Kedua, ‘yang baru’ tidak mempunyai basis dalam pengetahuan masyarakat Jawa/Sunda tetapi mempunyai kemampuan menghubungkan dirinya dengan ‘yang lama’. Dengan begitu yang baru dan yang lama tidak melulu saling menggantikan dalam  kerangka  temporalitas,  melainkan  selalu  membangun  hubungan  dan membentuk hybrid yakni: ‘margin . . . where cultural differences contingently and conflictually touch’ (Bhabha, 1994: 206).

Masalahnya, adakah batas berupa teritorial dalam pengaturan masa lampau di  Pulau  Jawa?  Apakah space di  Jawa  masa  lampau  adalah  wilayah/territorial seperti pada umumnya sekarang?

Teritorial itu sendiri tidak dikenali di Jawa (dan umumnya Asia Tenggara) masa  lampau.  Sebagaimana keyakinan  OW Wolters (1982)  terhadap  Mandala sebagai  bentuk  pengaturan  lama  di  Asia  Tenggara. Mandala  yang diyakini Wolters  menurut  Christie  adalah  “…an  unstable  circle  of  kings  in  a territory without fixed border” (dalam Marr & Millner.  1986; 68, bandingkan dengan Hok Ham 2002: 235).

Akibat  ketiadaan konsep territorial  yang  fix  itu,  seperti  ditulis  George Coedes  misalnya,  “daftar negeri-negeri  bawahan dari Ayutthya  (kerajan  di Thailand  di  bawah Ramadhipati)  dan Majapahit (di bawah Hayam Wuruk)  sebagian  saling  tumpang  tindih  di  bagian  selatan  Semenanjung  Tanah Melayu” (2010 (1964); 315).

Sementara Atja &  Danasasmita (1981: 62) juga mencatat bahwa kesatuan politis  di  Sunda  tidak mempertimbangkan  teritorial.  Menurut  mereka,  kesatuan politis lebih mengutamakan manarekha yang diambil  dari  kata  Sanskrit (mana = memikirkan, menduga, menghitung;   dan rekha = catat, gores). Istilah Manarekha ini menurut mereka adalah sama dengan cacah.

Robert  Heine  Geldern  (1963)  menulis bahwa  dalam  konsep  Mandala kerajaan di Asia Tenggara, raja menjadi titik pusat/tengah dari empat sudut dalam mandala.  Raja  (juga  kraton/pusat  kota)  kadang dianggap  merepresentasikan Gunung  Meru sebagai  pusat  kosmos  dalam  sistem  pengetahuan Brahmanism-Buddhism.
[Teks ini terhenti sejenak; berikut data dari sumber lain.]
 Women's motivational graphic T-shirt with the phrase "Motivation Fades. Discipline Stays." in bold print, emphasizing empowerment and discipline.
Titik tengah itu, menurut Lombard (dalam Alfan et all (ed); 1987; 327) dikatakan “merupakan golongan yang istimewa”.

Wilayah Pajajaran sejak masa Sanjaya hingga berakhirnya kerajaan ini pada 1579, rupanya tak mengalami perubahan berarti. Berdasarkan kisah Bujangga Manik yang menyusuri Pulau Jawa pada abad ke-16 dapat diketahui bahwa batas wilayah Kerajaan Sunda di sisi timur adalah Sungai Cipamali (kini Kali Pemali).
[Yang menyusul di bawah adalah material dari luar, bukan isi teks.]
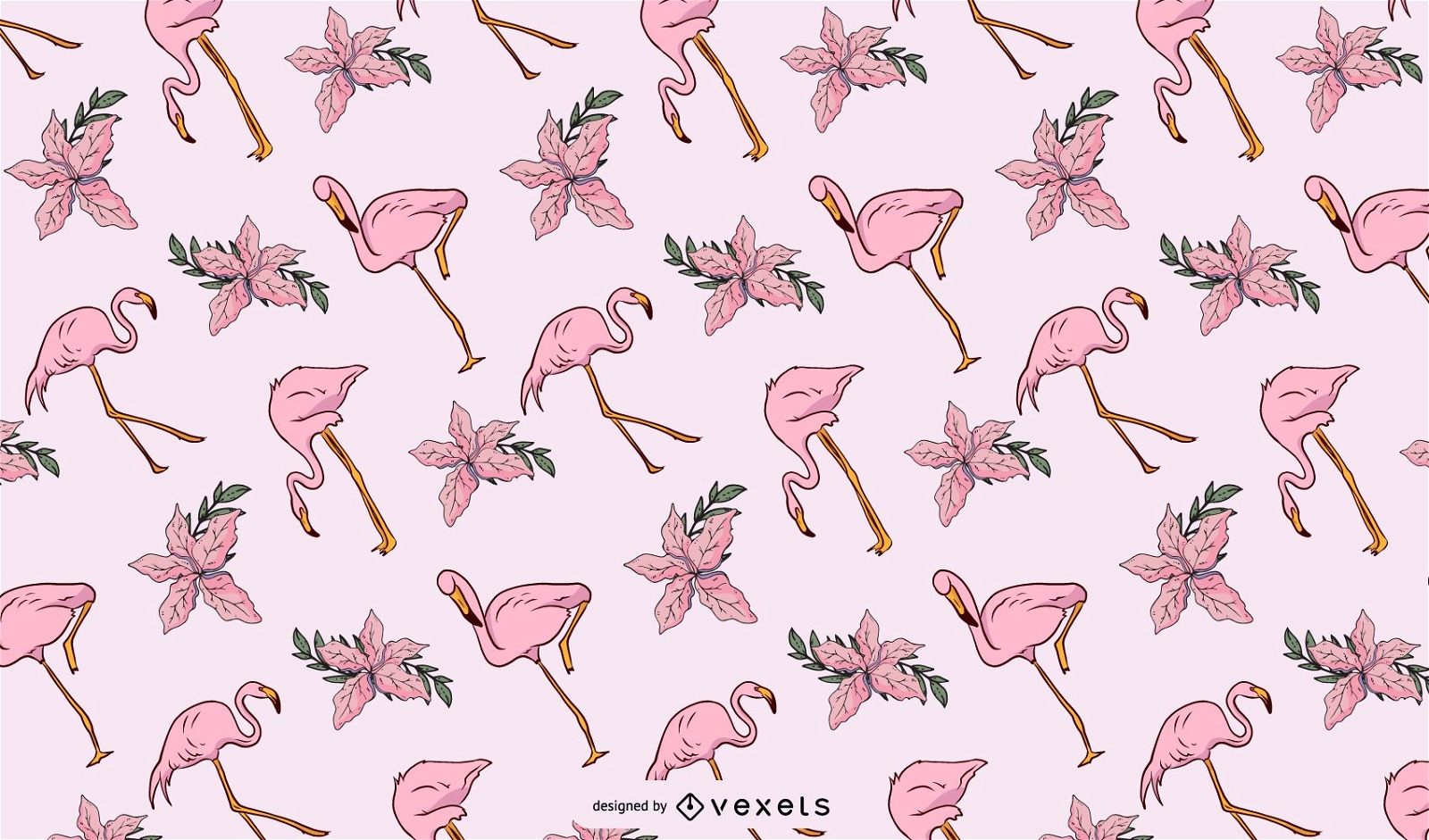 Flamingo flowers pattern design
Batas wilayah Kerajaan Sunda di sisi barat kiranya adalah Selat Sunda, sedangkan batas sisi utara adalah pantai utara Jawa Barat hingga Brebes. Di pantai utara, seperti yang diceritakan Pires, berjejer enam buah pelabuhan milik Kerajaan Sunda, yaitu Banten (Bantam), Pontang, Cigede, Tamgara (Tanggerang), Kalapa (Jakarta), dan Cimanuk. Batas di sisi selatan adalah Laut Selatan (Samudra Hindia).
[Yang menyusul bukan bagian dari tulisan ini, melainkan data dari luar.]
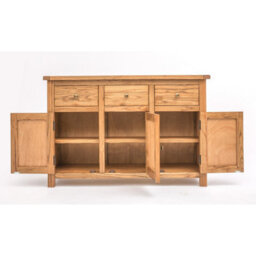 Cabinet Bits Trivento Light Wood 3 Drawer 3 Door Sideboard Brass Knob - thumbnail 4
Dalam sejarahnya Kerajaan Galuh dan Kerajaan Sunda adalah kelanjutan dari kerajaan Tarumanagara. Oleh karena itu pembahasan mengenai luas wlayah Kerajaan Pajajaran mengacu pada hal tersebut. Kerajaan Sunda adalah Kerajaan yang berdiri di Jawa bagian Barat. Batas timurnya adalah Sungai Citarum. Semenara di sebelah timur Citarum adalah kerajaan Galuh. Batas timur dari kerajaan Galuh adalah Sungai Cipamali (Kali Pamali) di Brebes di Jawa Tengah.

Dengan demikian, batas wilayah negara Sunda-Galuh yang kemudian disebut sebagai Pajajaran tidak terkait dengan etnis Sunda saja. Di Pulau Jawa bagian Barat terdapat suku Sunda, kanekes dan Betawi. Di Jawa tengah terdapat suku Jawa dan Kalang. Suku kalang sebarannya berada di perbatasan Jawa Tengah dan Jawa Timur. Besar kemungkinan, Suku kalang tidak termasuk wilayah Kerajaan Sunda-Galuh Pajajaran.

Kerajaan Sunda didirikan oleh Tarusbawa (669/670 M) dan Kerajaan Galuh didirikan oleh Wretikandayun (612 M). Keduanya sering disebut sebagai kerajaan kembar. Sejarah mengenai Kerajaan Galuh ada pada naskah kuno Carita Parahiyangan, suatu naskah berbahasa Sunda yang ditulis pada awal abad ke-16. Dalam naskah tersebut, cerita mengenai Kerajaan Galuh dimulai waktu Rahiyangta ri Medangjati yang menjadi raja resi selama lima belas tahun. Selanjutnya, kekuasaan ini diwariskan kepada putranya di Galuh yaitu Sang Wretikandayun.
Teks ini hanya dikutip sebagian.